This year when Oma asked me what I wanted  for my birthday, I could think of nothing I wanted more than some Almond Crescents–my absolute favorite of all the Christmas cookies. I cannot express the joy that came when I opened that tin to see the familiar crescents nestled in their neat bed of parchment paper. The crescent shape, according the research I did while writing this blog, is very common in German baking. Legend has it that when the Austrians defeated the Ottomans, they celebrated by making the crescent shape which adorned the Ottoman flag. If war had a referee, I’d call that “excessive celebration” – Unsportsmanlike Conduct.
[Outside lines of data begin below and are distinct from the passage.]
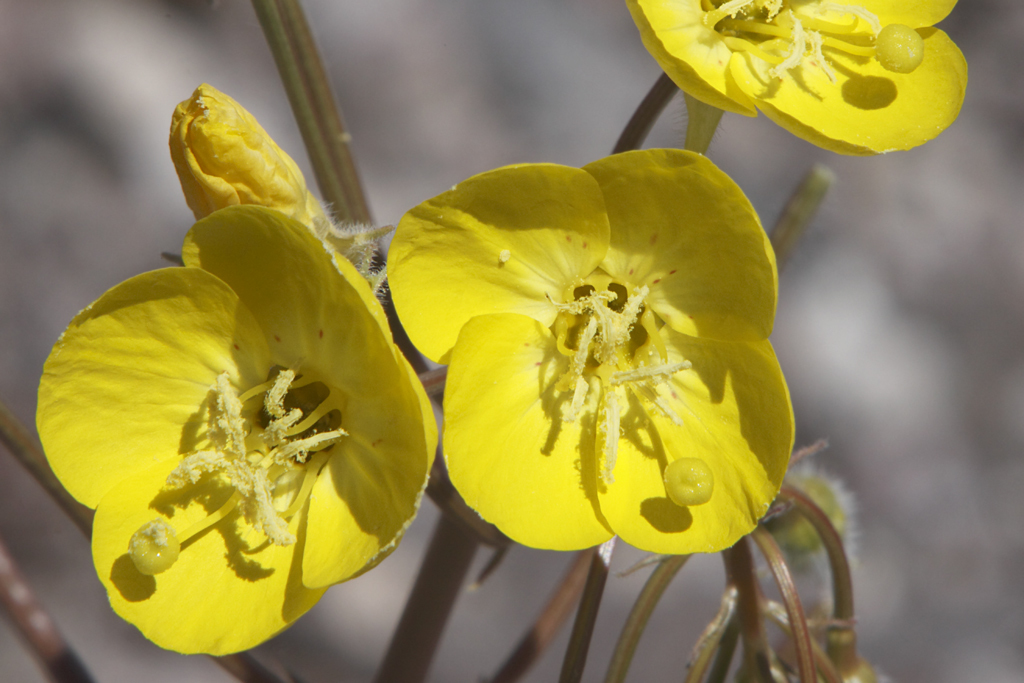 Chylismia brevipes subsp. pallidula, native California herb
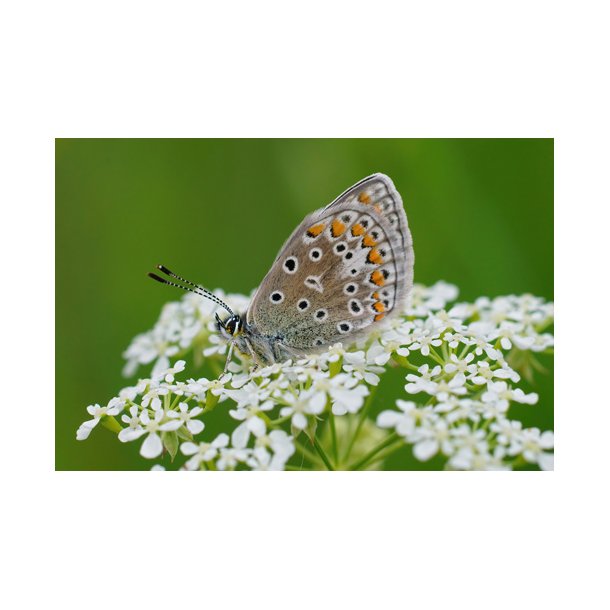 Krvel. Vild. Anthriscus sylvestris. Fr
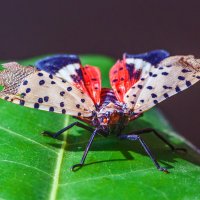 Insect-wings-green-leaf 1920x1440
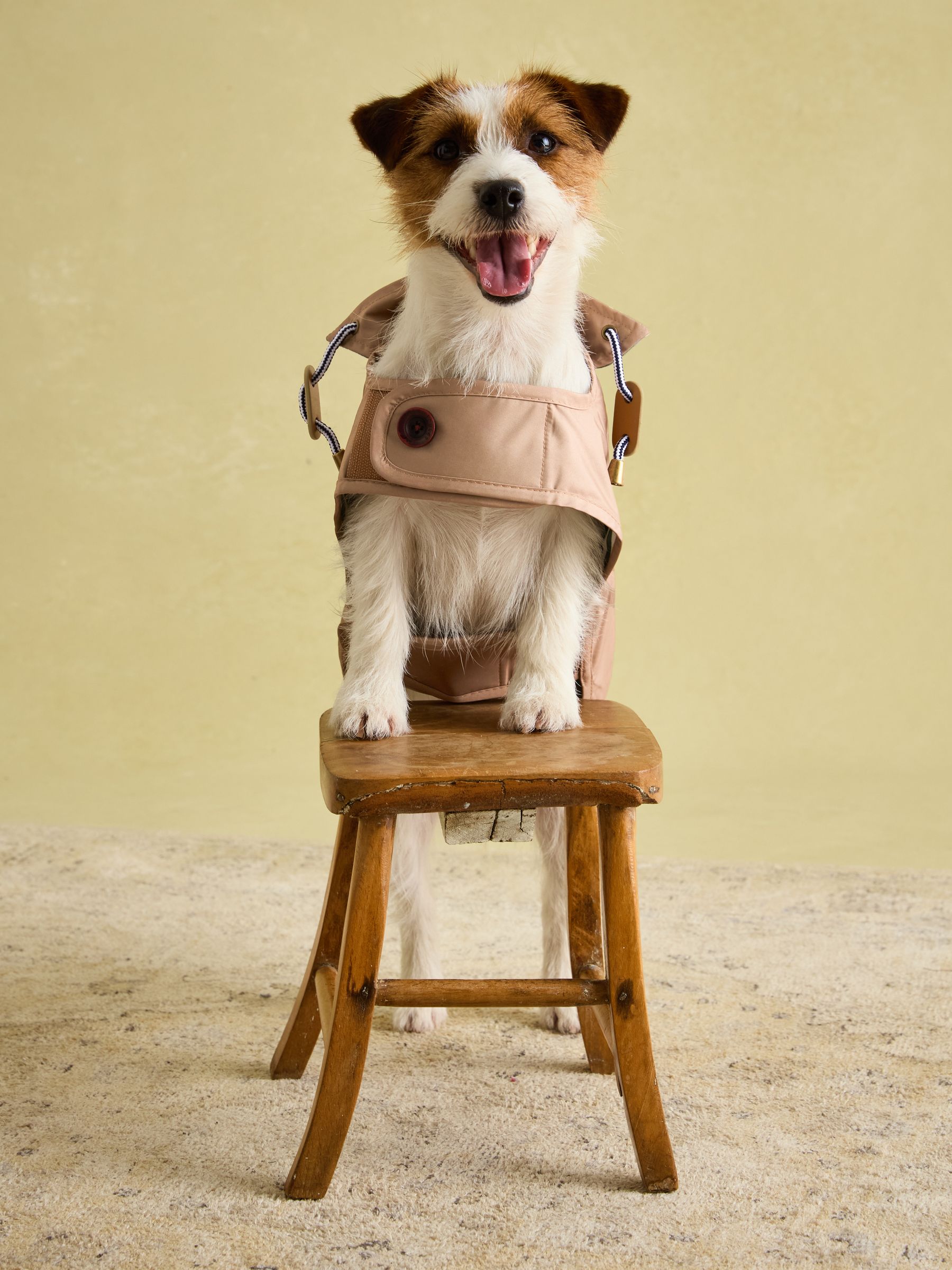 Burra Brown Water-Resistant Dog Jacket - Image 3 of 19
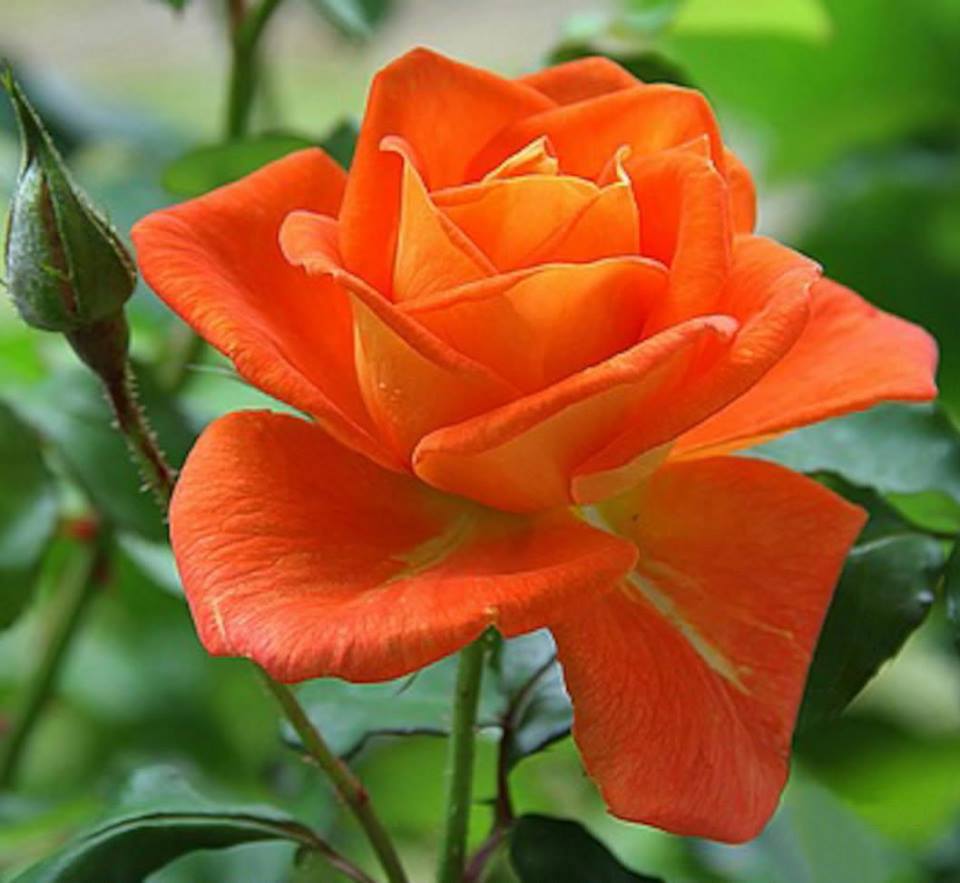 PHOTOGRAPHY PLUS The most beautiful roses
If you can’t spike a ball while staring down a defender, you shouldn’t be able to make such utterly taunting cookies.

 I imagine the flavor of these cookies to be similar to that of angel poop (angel poop would taste delicious since they only eat clouds and love). So if you ever wondered what angel poop tastes like, here is a recipe that I found online for these cookies. Note: This is NOT the recipe used by my Oma. Sorry, but I am my father’s daughter and I just can’t share that.

Ingredients:

1 c butter
3/4 c sugar
1 t vanilla extract
1 1/2 t almond extract
2 1/2 c flour
1 c almonds; ground
confectioners’ sugar

Instructions:
Beat together butter and sugar until very light and fluffy. Blend in extracts. Mix in flour and almonds. Using about 1 T of dough for each, shape into logs and bend into crescents. Place on greased cookie sheet. Bake 12 to 15 minutes at 350 degrees F until light brown. While warm, roll crescents in confectioners’ sugar. Cool on racks and store in a tightly sealed container. Makes 3 dozen cookies.

A toast, to traditions that keep the soul fortified in this tumultuous world.

“Because of our traditions every one of us knows who he is and what God expects him to do.”